> [Exercise]:
From the line containing "Cooler's Armored Squadron BT17-078" down to the line containing "#LTKHoliday #LTKGiftGuide #LTKKids" in the records below, reproduce every line exactly, ends included, and omit all others.

> [Exercise materials]:
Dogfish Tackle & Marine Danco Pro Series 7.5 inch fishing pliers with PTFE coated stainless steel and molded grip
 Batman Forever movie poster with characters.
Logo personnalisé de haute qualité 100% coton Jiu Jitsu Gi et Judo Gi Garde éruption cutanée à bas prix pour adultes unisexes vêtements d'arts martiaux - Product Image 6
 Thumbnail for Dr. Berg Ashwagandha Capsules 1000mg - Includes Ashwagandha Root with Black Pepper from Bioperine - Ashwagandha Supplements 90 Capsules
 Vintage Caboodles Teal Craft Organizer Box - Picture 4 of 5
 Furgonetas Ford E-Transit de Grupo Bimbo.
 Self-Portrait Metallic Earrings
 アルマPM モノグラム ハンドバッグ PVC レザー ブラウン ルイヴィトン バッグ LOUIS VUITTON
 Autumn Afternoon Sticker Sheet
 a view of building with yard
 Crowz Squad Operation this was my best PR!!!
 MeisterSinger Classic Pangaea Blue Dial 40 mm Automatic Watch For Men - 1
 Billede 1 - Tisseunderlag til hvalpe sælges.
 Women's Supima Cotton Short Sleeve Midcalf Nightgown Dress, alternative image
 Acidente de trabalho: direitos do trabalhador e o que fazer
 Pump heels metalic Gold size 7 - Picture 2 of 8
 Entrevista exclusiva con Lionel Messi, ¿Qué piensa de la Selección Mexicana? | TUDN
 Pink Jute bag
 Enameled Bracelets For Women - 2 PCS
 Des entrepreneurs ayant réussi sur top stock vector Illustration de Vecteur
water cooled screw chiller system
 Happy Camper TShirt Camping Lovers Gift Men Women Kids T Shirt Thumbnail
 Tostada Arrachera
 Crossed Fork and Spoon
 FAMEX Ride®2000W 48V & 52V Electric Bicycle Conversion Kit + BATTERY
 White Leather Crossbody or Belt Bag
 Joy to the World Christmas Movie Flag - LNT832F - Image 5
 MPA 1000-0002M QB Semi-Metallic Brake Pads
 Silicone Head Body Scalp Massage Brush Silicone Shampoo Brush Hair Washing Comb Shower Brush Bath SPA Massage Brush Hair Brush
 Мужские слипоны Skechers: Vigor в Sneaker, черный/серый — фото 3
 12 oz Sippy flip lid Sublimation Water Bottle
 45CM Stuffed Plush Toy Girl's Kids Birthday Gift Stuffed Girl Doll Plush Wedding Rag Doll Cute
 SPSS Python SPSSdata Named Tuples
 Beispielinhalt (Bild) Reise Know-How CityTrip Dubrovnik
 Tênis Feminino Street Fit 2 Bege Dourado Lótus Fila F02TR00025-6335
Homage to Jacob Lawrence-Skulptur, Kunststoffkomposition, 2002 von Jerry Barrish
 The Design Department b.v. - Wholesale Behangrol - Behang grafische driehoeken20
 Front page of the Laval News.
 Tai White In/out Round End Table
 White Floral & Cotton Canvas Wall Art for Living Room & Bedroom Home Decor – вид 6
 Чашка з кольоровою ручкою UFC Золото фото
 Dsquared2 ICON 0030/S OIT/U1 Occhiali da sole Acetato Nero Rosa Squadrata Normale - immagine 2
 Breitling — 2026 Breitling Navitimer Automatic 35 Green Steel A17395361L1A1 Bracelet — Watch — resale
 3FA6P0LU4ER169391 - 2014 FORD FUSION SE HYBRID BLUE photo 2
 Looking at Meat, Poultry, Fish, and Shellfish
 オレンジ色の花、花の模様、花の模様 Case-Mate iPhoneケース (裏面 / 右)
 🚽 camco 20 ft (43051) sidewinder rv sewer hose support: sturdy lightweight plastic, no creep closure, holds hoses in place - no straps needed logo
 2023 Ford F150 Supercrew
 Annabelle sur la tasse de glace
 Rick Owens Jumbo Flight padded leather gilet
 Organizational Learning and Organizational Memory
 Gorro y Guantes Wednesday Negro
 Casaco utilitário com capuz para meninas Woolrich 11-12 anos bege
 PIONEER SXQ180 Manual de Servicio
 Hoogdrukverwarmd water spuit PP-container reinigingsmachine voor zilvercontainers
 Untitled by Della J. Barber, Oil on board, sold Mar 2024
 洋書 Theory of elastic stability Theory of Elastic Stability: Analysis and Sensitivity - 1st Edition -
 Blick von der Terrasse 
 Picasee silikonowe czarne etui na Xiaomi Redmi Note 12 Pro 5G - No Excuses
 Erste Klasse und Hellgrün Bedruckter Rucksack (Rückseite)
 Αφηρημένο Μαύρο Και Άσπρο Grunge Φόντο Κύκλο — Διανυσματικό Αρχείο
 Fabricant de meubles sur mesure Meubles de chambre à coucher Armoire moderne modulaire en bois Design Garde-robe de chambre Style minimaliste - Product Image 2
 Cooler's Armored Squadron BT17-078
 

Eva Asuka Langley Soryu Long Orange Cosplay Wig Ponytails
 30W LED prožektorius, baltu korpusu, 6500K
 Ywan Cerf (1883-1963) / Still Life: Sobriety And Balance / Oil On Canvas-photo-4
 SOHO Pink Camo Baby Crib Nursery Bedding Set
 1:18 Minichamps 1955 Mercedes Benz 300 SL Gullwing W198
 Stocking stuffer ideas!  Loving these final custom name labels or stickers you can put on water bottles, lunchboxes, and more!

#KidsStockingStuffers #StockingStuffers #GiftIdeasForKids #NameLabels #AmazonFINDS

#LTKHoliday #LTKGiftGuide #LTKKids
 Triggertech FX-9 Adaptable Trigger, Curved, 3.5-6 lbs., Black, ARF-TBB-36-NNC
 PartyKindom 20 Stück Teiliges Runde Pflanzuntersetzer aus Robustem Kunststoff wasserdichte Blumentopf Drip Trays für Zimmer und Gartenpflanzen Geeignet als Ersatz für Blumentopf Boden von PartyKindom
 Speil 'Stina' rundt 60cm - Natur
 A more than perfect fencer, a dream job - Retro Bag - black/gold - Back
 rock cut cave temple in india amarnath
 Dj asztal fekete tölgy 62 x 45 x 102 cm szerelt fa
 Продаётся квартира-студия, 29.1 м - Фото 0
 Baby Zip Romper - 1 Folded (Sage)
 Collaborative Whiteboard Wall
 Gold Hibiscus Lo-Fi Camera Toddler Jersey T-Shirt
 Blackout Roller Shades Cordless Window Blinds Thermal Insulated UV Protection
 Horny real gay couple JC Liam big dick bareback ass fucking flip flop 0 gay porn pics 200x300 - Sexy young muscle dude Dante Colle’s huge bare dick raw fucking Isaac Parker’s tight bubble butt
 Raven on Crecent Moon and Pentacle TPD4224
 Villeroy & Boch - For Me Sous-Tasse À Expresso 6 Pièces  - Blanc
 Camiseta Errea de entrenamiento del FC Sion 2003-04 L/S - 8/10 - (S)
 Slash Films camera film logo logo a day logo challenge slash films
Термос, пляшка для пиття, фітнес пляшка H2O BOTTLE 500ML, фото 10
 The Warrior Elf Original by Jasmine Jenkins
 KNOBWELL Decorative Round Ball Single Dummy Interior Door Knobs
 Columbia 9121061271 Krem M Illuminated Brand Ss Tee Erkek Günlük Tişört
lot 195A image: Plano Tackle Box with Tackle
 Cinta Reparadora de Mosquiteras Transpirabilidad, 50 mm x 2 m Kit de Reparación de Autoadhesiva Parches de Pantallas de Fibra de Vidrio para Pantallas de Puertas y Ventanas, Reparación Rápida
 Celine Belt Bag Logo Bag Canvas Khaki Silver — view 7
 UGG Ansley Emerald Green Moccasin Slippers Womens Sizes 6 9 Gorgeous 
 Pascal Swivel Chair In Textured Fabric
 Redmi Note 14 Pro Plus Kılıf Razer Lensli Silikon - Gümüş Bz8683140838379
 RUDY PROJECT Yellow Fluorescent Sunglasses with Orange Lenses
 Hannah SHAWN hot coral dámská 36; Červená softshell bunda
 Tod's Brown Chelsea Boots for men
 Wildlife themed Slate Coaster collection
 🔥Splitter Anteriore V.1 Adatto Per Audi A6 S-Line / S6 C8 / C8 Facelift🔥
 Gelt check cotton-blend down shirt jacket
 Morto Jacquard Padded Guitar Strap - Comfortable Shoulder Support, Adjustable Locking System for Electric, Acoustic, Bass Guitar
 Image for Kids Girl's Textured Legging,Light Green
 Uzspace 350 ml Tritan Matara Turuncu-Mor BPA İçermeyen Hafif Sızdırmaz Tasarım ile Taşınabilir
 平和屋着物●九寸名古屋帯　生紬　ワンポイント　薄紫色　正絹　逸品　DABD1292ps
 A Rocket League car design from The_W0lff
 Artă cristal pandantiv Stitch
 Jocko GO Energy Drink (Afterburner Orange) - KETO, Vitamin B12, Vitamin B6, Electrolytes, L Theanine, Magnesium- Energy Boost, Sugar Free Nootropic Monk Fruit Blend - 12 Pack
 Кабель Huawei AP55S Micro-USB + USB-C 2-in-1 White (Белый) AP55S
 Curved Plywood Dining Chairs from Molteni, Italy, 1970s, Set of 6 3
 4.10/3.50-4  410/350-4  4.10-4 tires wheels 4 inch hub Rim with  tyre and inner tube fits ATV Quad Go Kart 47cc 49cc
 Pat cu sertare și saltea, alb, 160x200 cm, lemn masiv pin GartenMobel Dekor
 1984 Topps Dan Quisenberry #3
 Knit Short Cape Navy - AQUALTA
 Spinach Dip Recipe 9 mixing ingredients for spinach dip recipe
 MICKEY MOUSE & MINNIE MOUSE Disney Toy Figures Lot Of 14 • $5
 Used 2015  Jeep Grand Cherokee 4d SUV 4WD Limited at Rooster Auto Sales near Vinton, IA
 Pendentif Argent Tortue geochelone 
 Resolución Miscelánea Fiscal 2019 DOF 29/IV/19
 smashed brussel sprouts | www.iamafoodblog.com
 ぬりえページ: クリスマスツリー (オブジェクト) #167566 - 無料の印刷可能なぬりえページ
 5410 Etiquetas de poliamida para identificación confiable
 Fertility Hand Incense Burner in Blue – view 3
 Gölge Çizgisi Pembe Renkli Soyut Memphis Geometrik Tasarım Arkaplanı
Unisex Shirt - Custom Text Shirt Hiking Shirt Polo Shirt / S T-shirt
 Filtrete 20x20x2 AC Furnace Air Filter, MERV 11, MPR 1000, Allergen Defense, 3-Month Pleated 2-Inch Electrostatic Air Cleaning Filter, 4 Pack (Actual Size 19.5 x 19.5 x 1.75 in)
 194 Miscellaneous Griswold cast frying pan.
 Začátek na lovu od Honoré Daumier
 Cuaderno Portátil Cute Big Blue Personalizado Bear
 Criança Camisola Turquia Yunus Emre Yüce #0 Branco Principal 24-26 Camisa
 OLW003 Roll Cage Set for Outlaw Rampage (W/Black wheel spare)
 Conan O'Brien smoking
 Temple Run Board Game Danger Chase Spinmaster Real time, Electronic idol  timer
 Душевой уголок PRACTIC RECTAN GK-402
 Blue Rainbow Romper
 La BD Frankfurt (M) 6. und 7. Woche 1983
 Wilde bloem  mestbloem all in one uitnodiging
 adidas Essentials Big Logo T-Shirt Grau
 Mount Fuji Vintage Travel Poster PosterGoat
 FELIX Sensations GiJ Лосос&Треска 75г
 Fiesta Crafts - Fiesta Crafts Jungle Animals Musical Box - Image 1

> [Task response]:
 Cooler's Armored Squadron BT17-078
 

Eva Asuka Langley Soryu Long Orange Cosplay Wig Ponytails
 30W LED prožektorius, baltu korpusu, 6500K
 Ywan Cerf (1883-1963) / Still Life: Sobriety And Balance / Oil On Canvas-photo-4
 SOHO Pink Camo Baby Crib Nursery Bedding Set
 1:18 Minichamps 1955 Mercedes Benz 300 SL Gullwing W198
 Stocking stuffer ideas!  Loving these final custom name labels or stickers you can put on water bottles, lunchboxes, and more!

#KidsStockingStuffers #StockingStuffers #GiftIdeasForKids #NameLabels #AmazonFINDS

#LTKHoliday #LTKGiftGuide #LTKKids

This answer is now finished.